The optional input `model` controls the regression model. By default, `x2fx` returns the design matrix for a linear additive model with a constant term. `model` is one of the following:

• `'linear'` — Constant and linear terms. This is the default.

• `'interaction'` — Constant, linear, and interaction terms

• `'quadratic'` — Constant, linear, interaction, and squared terms

• `'purequadratic'` — Constant, linear, and squared terms

If `X` has n columns, the order of the columns of `D` for a full quadratic model is:

1. The constant term

2. The linear terms (the columns of `X`, in order 1, 2, ..., n)

3. The interaction terms (pairwise products of the columns of `X`, in order (1, 2), (1, 3), ..., (1, n), (2, 3), ..., (n–1, n))

4. The squared terms (in order 1, 2, ..., n)

Other models use a subset of these terms, in the same order.

Alternatively, `model` can be a matrix specifying polynomial terms of arbitrary order. In this case, `model` should have one column for each column in `X` and one row for each term in the model. The entries in any row of `model` are powers for the corresponding columns of `X`. For example, if `X` has columns `X1`, `X2`, and `X3`, then a row `[0 1 2]` in `model` specifies the term `(X1.^0).*(X2.^1).*(X3.^2)`. A row of all zeros in `model` specifies a constant term, which can be omitted.

`D = x2fx(X,model,categ)` treats columns with numbers listed in the vector `categ` as categorical variables. Terms involving categorical variables produce dummy variable columns in `D`. Dummy variables are computed under the assumption that possible categorical levels are completely enumerated by the unique values that appear in the corresponding column of `X`.

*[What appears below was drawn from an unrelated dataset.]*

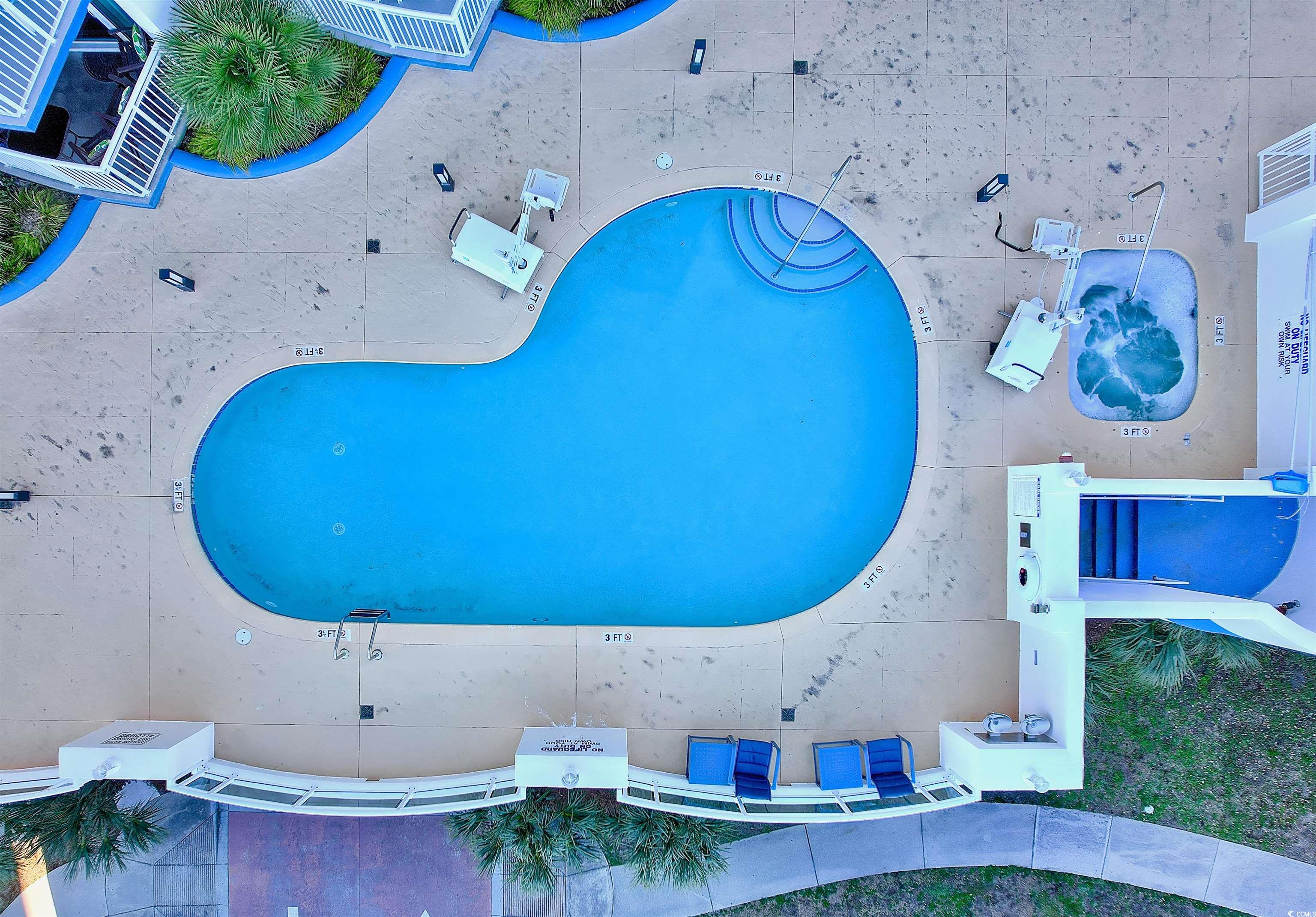 215 77th Avenue North, Unit 603 Myrtle Beach, SC 29572 - Photo 28 of 37 Drone / aerial view of a pool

`D = x2fx(X,model,categ,catlevels)` accepts a vector `catlevels` the same length as `categ`, specifying the number of levels in each categorical variable. In this case, values in the corresponding column of `X` must be integers in the range from 1 to the specified number of levels. Not all of the levels need to appear in `X`.

## Examples

### Example 1

The following converts 2 predictors `X1` and `X2` (the columns of `X`) into a design matrix for a full quadratic model with terms `constant`, `X1`, `X2`, `X1.*X2`, `X1.^2`, and `X2.^2`.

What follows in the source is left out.